Just came back from meeting new musical friends in Italy. Met some string players and pianists. One of them was in business, selling restoring and ... violins and the concertmaster of a major Italian symphony orchestra. He told me a very interesting story that is very much related to the subject.

Violins change the playing characteristics based on who's been playing the instrument. He knows a famous violin repairman and restorer in Italy who is also very much sought after in NY as well. He often gets requests to tune up a violin that is perfectly repaired and adjusted, and usually very expensive one, because it just does not respond "just right". It sounds much like voicing of an oboe; touching up here and there to improve the instrument's responses to delicate musical expressions like intonation, playability, dynamics,....

Often, that famous repairman does nothing to the instrument but just lend it to a good player to try it out for couple of weeks. Then give it back to the owner. He told me that this works magic every time. The violin improves!
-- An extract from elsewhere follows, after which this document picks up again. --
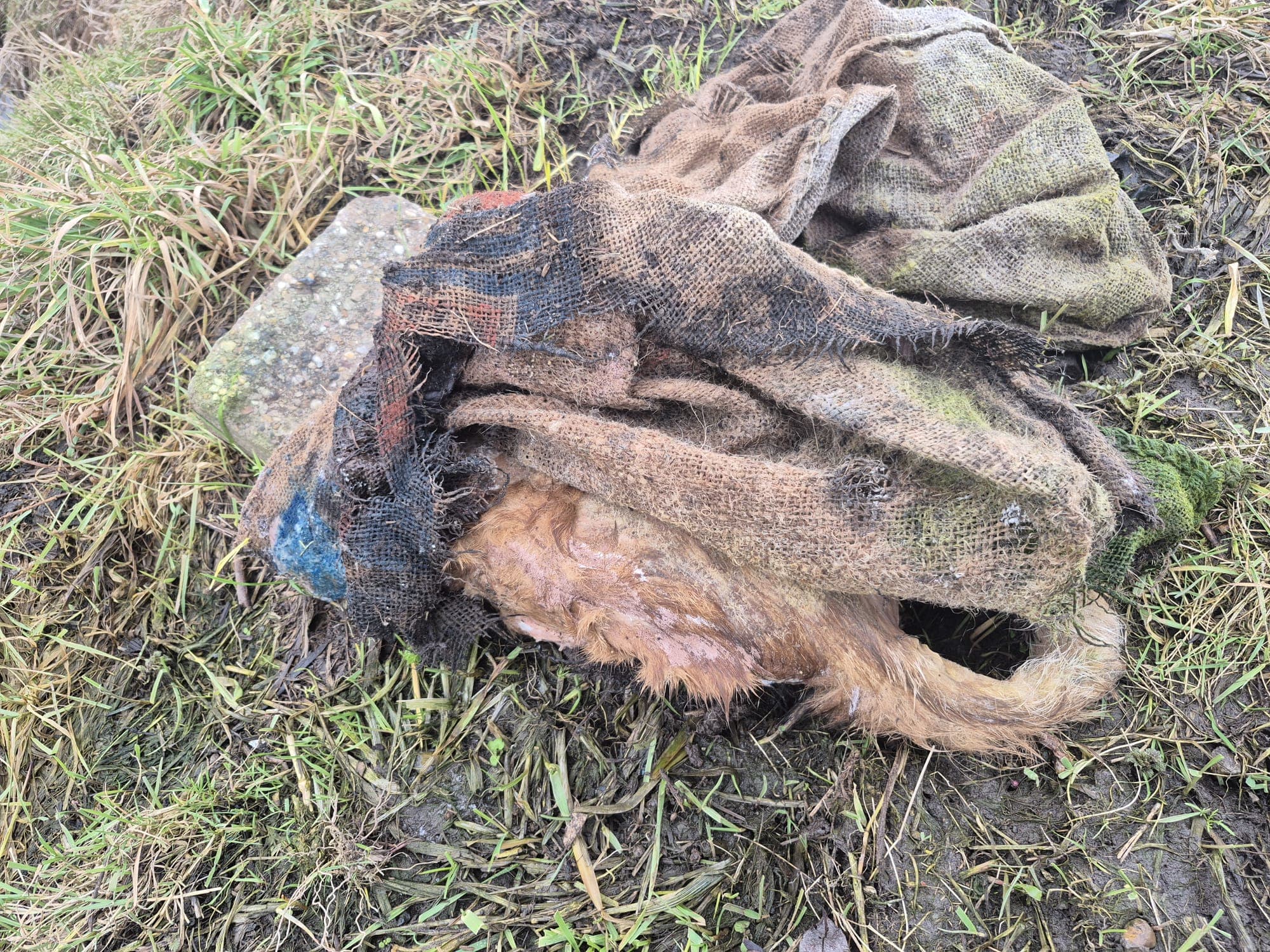 Dode kat in jute zak met steen gevonden: 'Dit is puur moord'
The customers get satisfaction and make the repairman more precious and sought after!

The story is that a violin does change its musical responsiveness based on who has been playing upon it. Good players do improve the instrument's responsiveness and bad players do suppress the instrument's musical responsiveness. Some violinists would not let any one touch his/her violin, especially a bad player, for that reason. I do have similar experience with oboe in the past, not to a degree that violinists are talking about. But indeed have the similar affects.

I hope to put together a list of measurable physical parameters that may have affects to this phenomena, such as looking at the sound in frequency domain before and after in some sort of controlled manner. It appears that I will need to parameterize "musical responsiveness" into measureables. Another words, what do we mean when we say this instrument is better than the other when we play on it, and answer it with something we can measure, like pitch, intonation, loudness, tone color, etc. If any of you folks have any idea, please post. I would like to learn.